SAN PEDRO CUTUD, Philippines – Seven Filipino Roman Catholic devotees, including a woman, were nailed to wooden crosses in a Good Friday reenactment of Jesus Christ’s suffering that was watched by thousands of spectators but frowned upon by church leaders.
Three devotees wearing crowns of twigs were nailed to crosses by villagers dressed as Roman centurions on a dusty hill in San Pedro Cutud village, and four others were nailed to crosses in nearby farming villages in San Fernando city north of Manila, tourism officer Ching Pangilinan said.
The spectacle reflects a unique brand of Catholicism that merges church traditions with folk superstitions. Many of the mostly impoverished penitents undergo the ritual to atone for sins, pray for the sick or for a better life, or give thanks for what they believe were God-given miracles.
The Lenten rituals are frowned upon by church leaders in the Philippines, Asia’s largest Roman Catholic nation, especially if the events are used to boost tourism and business. The reenactments of the crucifixion, however, have persisted and become a tourist attraction in the largely unknown villages in Pampanga province, about 80 kilometers (50 miles) north of the capital.

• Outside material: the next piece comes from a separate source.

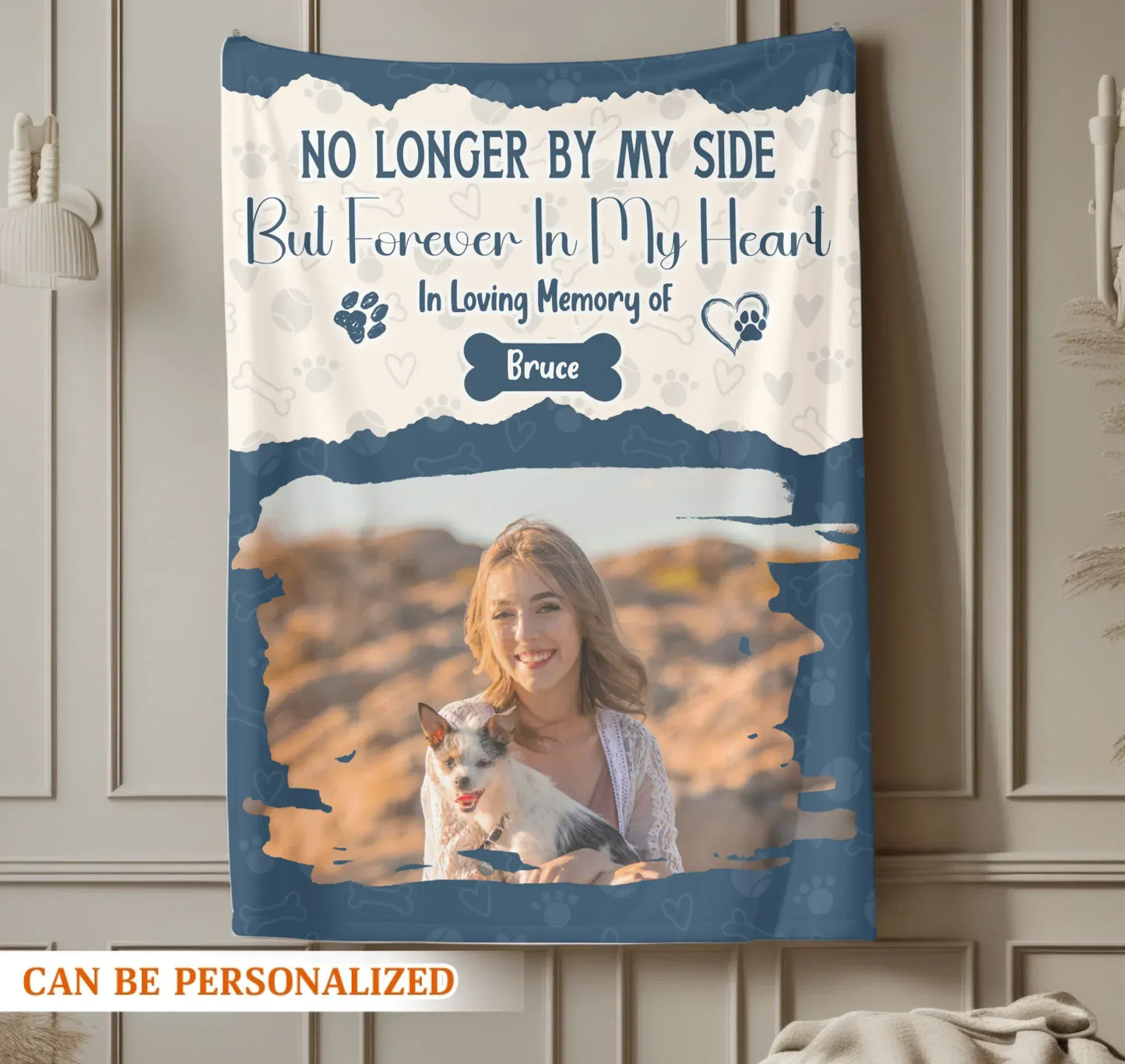 Personalized Blankets No Longer By My Side, But Forever In My Heart – Personalized Dog Memorial Photo Custom Blanket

While the crucifixions have become a tradition for villagers, they still leave many foreign tourists bewildered.
“It’s terrible,” said Luke Henkel from Florida. “You wanna stop it.”
Mayor Edwin Santiago of San Fernando, where San Pedro Cutud lies, said more than 400 police officers were deployed and first-aid stations set up to look after the huge crowds.
“We provide assistance because we can’t stop the influx of tourists,” Pangilinan said. “We don’t promote it as a festival but it’s rather a show of respect to a local tradition.”
Villagers used the crowd-drawing events to peddle food, water, fans, umbrellas and souvenirs and rent out parking slots and toilets. A leading cellphone company provided tents for shade with its name embossed on them.
Archbishop Socrates Villegas said it’s best for Catholics to mark Lent with prayers and acts of love and charity.
“Instead of spilling your blood on the streets, why not walk into a Red Cross office and donate blood? Choose to share life. Share your blood,” Villegas said in remarks posted on a Catholic church website.
Friday’s reenactment of Christ’s crucifixion was the 32nd for Ruben Enaje, a 57-year-old sign painter who began his yearly rite after surviving a fall from a building. He plans to stop when he turns 60.
Maryjane Sazon, a 39-year-old beauty salon worker, said she joined the reenactments seven years ago in the hope of being cured of severe headaches and a nervous breakdown. Her act Friday was dedicated to her sick sister.
Prior to the cross nailings, dozens of male penitents walked several kilometers (miles) along village streets while beating their bare backs with sharp bamboo sticks and pieces of wood. Some had their backs cut to keep them bloody.
Foreigners have been banned from taking part since an Australian comic was nailed to a cross under a false name a few years ago near Pampanga. Authorities also believe that a Japanese man was nailed to cross as part of a porn film in 1996.